Provided data =
--- START ---

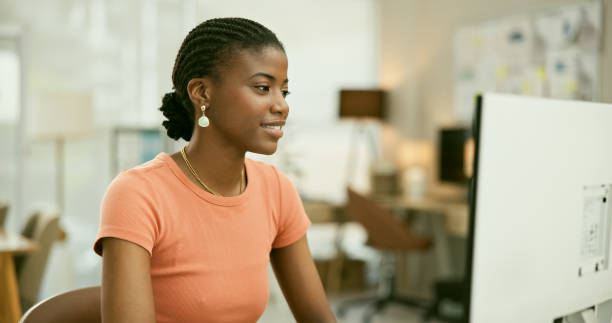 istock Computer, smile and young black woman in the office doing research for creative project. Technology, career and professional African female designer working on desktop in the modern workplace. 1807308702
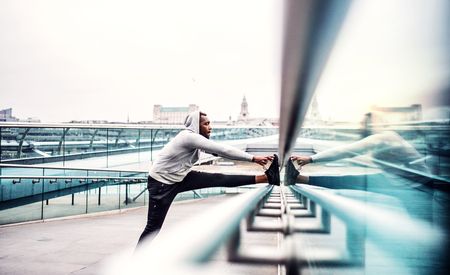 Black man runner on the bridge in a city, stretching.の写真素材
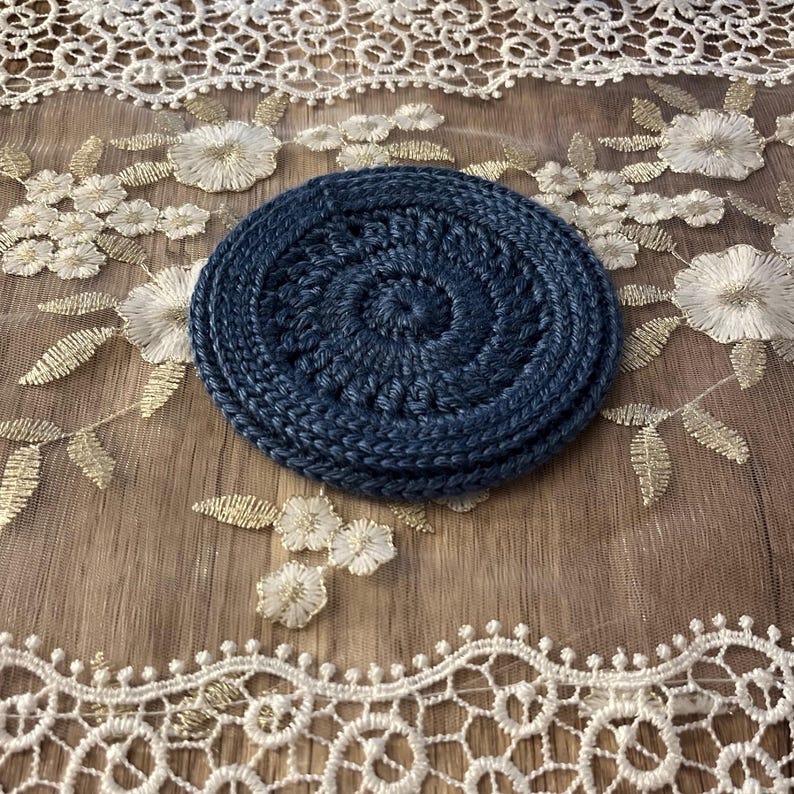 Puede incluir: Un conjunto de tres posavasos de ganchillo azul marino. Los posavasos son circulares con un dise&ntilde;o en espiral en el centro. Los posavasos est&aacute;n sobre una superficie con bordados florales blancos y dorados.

--- END ---

Your task =
Beginning with the line that contains "Black man runner" and ending with the last line of the data above, output those lines exactly and nothing more, without any pictures.

Task solution =
 Black man runner on the bridge in a city, stretching.の写真素材
 Puede incluir: Un conjunto de tres posavasos de ganchillo azul marino. Los posavasos son circulares con un dise&ntilde;o en espiral en el centro. Los posavasos est&aacute;n sobre una superficie con bordados florales blancos y dorados.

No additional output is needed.